Not too far away, roughly 1,000 homes are scattered along streets, matched with community areas and an elementary school. It’s one of Vancouver’s most diverse communities, as well as the city’s lowest-income neighborhood.
“The residents of Fruit Valley struggle to maintain a certain standard of living with limited resources, and it would be improper to negatively impact the neighbors for the sake of a newcomer’s profit,” Eric LaBrant, Fruit Valley Neighborhood Association president, wrote to a city senior planner.
LaBrant said residents are concerned about the influx of air and noise pollution Prologis Park could bring with it. He added the development would strain the neighborhood’s existing infrastructure. LaBrant, who is an elected commissioner for the Port of Vancouver, does not represent the port in this context.
Access to Prologis Park would be from Fruit Valley Road, La Frambois Road, West Firestone Lane and Northwest 32nd Avenue.
A traffic impact study prepared for Prologis reported that the industrial development would generate nearly 2,000 daily trips.

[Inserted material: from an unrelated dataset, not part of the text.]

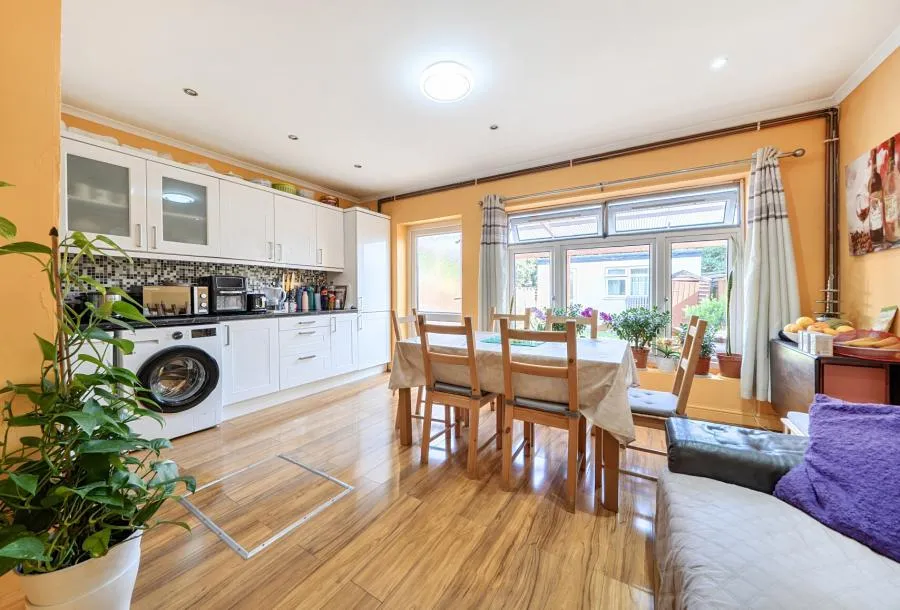 Oldchurch Road, Romford, RM7, photo 2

It noted that this is not anticipated to have a significant impacts to reviewed intersections and the surrounding street network.
The city is requiring Prologis to extend Northwest 32nd Avenue to address traffic concerns. Because there is no tenant identified for the property yet, the full impacts of activity there isn’t known.

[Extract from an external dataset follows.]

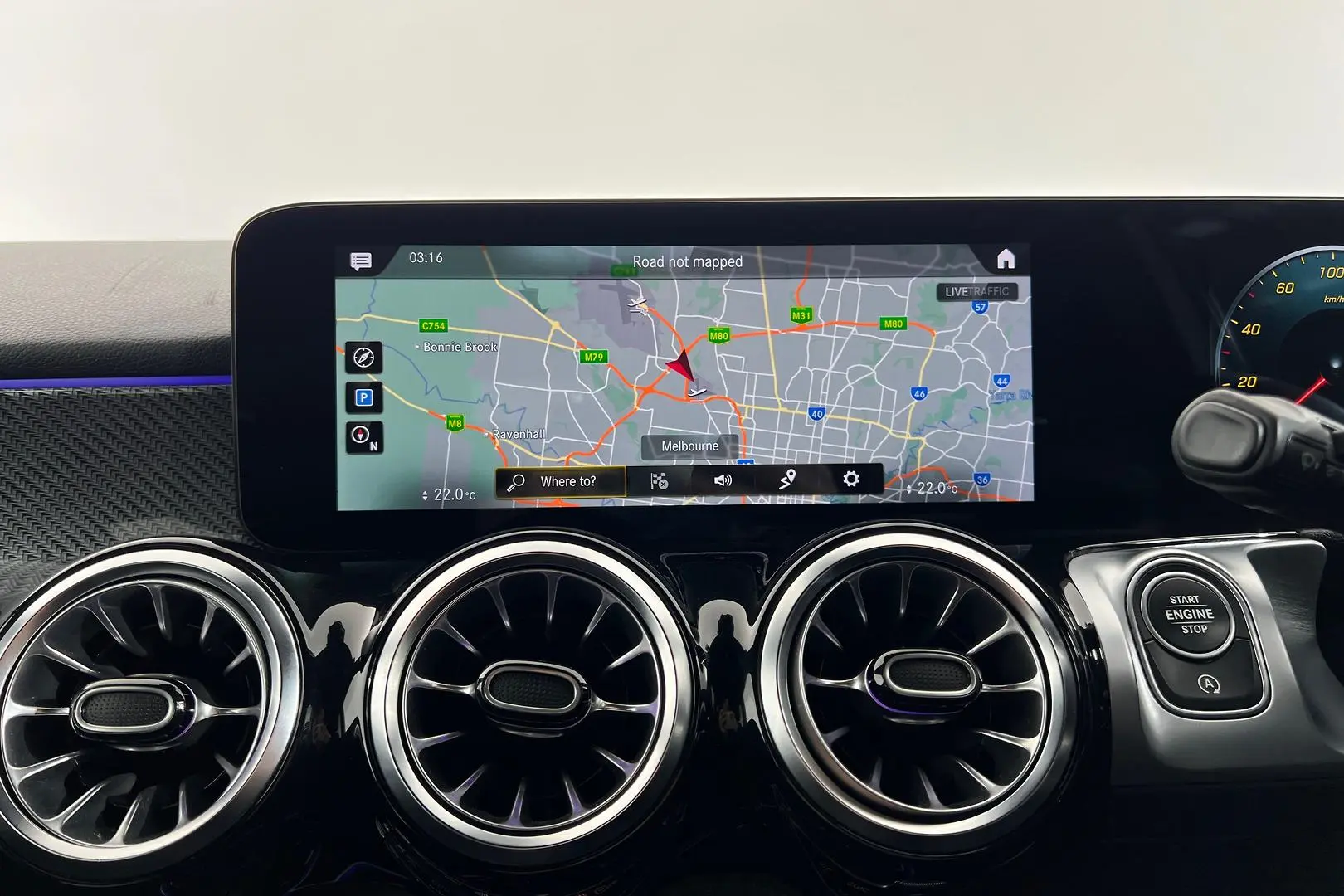 2021 Mercedes-Benz GLB-Class Gallery Image 22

“We are and will continue to work with the city and other local groups on any concerns around traffic,” said Jennifer Nelson, senior vice president of global communications at Prologis.
Still, Prologis Park presents questions to its prospective industrial neighbors, like the port, which is reviewing the project design and permitting documents.
“We are interested in better understanding how this project fits into plans for long-term freight mobility improvements,” said Ryan Hart, chief external affairs officer for the Port of Vancouver.
According to Washington’s State Environmental Protection Act, the city of Vancouver is required to determine the project’s potential environmental impacts paired with mitigation. The city deemed that Prologis Park had no significant impacts, prompting conservationists to urge city planners to issue a SEPA Determination of Significance. Doing so would trigger an environmental impact study.
The earliest a land-use decision can be issued is late January.
“Prior to reviewing the public and agency comments, I cannot determine the likelihood of changing our initial look from a (determination of nonsignificance) to a determination of significance,” said Mark Person, city senior planner.
But some claim Fruit Valley has the poorest air quality in Vancouver, which must be considered when moving forward with large developments.
“The neighborhood gets trapped into a lot of these heavier industrial projects,” said Hector Hinojosa, a four-year Fruit Valley resident. “It’s like picking on one area of the city and overburdening it.”
Hinojosa acknowledged the logic behind the facility’s proposed location, as it’s situated in an existing industrial zone and is near major roadways. However, he contended that it seems too large for the area. The future of residents’ health and safety don’t appear to be at the forefront of the project, Hinojosa said, and the development’s environmental impacts seem to be downplayed.
The facility would add to Fruit Valley Road’s current flows of rumbling traffic and would be matched with heightened rates of exhaust clouds coming from diesel trucks, Hinojosa said.
To this point, Nelson said Prologis always attempts to minimize the impact of its properties and comply with local requirements.
Exempt from city ban
The property, which is owned by Morris Realty Associates, is currently vacant and undeveloped. Morris Realty, a subsidiary of Prologis, bought the property for $11.6 million in June, according to county records.
The proposal is going through a streamlined 90-day review process, which is a common procedure, according to the city. It allows applicants to submit engineering plans at the same time as a land-use application so the two can be reviewed together, which typically shortens the process by up to three months.
Plans for Prologis Park were submitted on Nov. 4 and deemed “fully complete” on Dec. 2, meaning it was vested to the code that was effective at the time the plan was presented, according to a city senior planner. This was prior to city officials approving a moratorium on the expansion or development of warehouses larger than 100,000 square feet.
The emergency ban is the city’s response to a surge of permit applications for such large facilities.
Bryan Snodgrass, Vancouver’s long-range principal planner, said there are eight proposed projects locally, totaling 205 acres, which he told the Vancouver City Council may hinder the city’s climate goals with an increase of delivery truck traffic. He also said the facility type requires an abundance of land yet has low employment-per-acre-ratio, which may slow regional economic plans.
Prologis officials said they expect to create more than 300 jobs during the construction period, adding that the facility will employ about 375 people once a tenant’s operations begin.
Moving forward, the Fruit Valley Neighborhood Association requested that there be additional community outreach related to the proposal and its possible impacts on residents and the surrounding land. The group also called for its current Mitigated Determination of Nonsignificance to be reconsidered, on the grounds the existing application downplays potential project impacts.
“I think there are some potential kind of livability issues for the neighborhood that can be pretty immediate,” LaBrant told The Columbian.